Some other fabrics are not as flexible as wool, and have a firm layer (of various materials) beneath the actual surface. This makes them as hard as leather in many cases, but they'll usually have a very soft and sometimes furry exterior, which is the actual upholstered, like velvet, for example. The durability of a certain fabric (just like leather) depends on the quality. But most fabrics will indeed be a little less durable than actual leather. Another good feature of fabrics, however, is that they won't scratch as easily as a leather surface, and you are able to find them in a much wider variety of colors and patterns.

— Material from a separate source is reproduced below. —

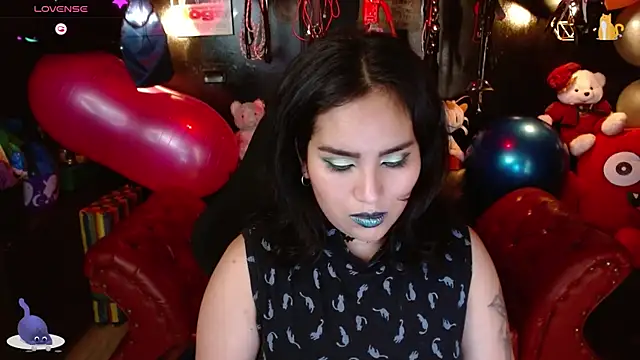 kureiji hentaii online show from 11-17-25, 09:31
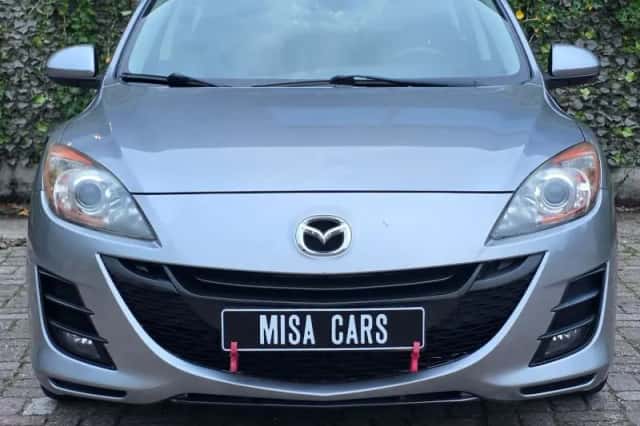 Mazda 3 (2009) thumbnail 2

One thing that many people don't really take into consideration when it comes to leather is the fact that it can help your allergies. They tend to be easier to clean and don't hold as much dust as other fabrics. However, some people are allergic to leather itself, and can get rashes from direct contact. If you're not one of those people, you might also benefit from the fact that leather is much more solid and easy to clean and maintain. The best leather does get scratches and markings, but these fade over time and (in some types of leather) they end up becoming part of the upholstered, giving it a beautiful natural look.
Now, let’s talk aesthetics. Even though our economies and factories have advanced a lot, and most people have access to both leather and other fabrics equally, leather still remains king when it comes to elegance. There is a historical notion to see leather as a luxurious type of fabric, meant for high-end spaces, and that still remains today. For a lot of people, leather equals money, even if it’s cheaper than other contemporary fabrics. This doesn’t mean that wool is for poor people; common fabrics are just considered homelier and familiar while leather is a marker of status.
As a final note, you should always consider what you want your house to convey in a visual sense. As we mentioned before, leather has a much more limited roster of colors and patterns, but you can still find leather upholsteries in vibrant colors like blue, red, and even yellow. Choosing this type of leather might give you an aesthetic edge, but you will have to dig a little deeper to find it.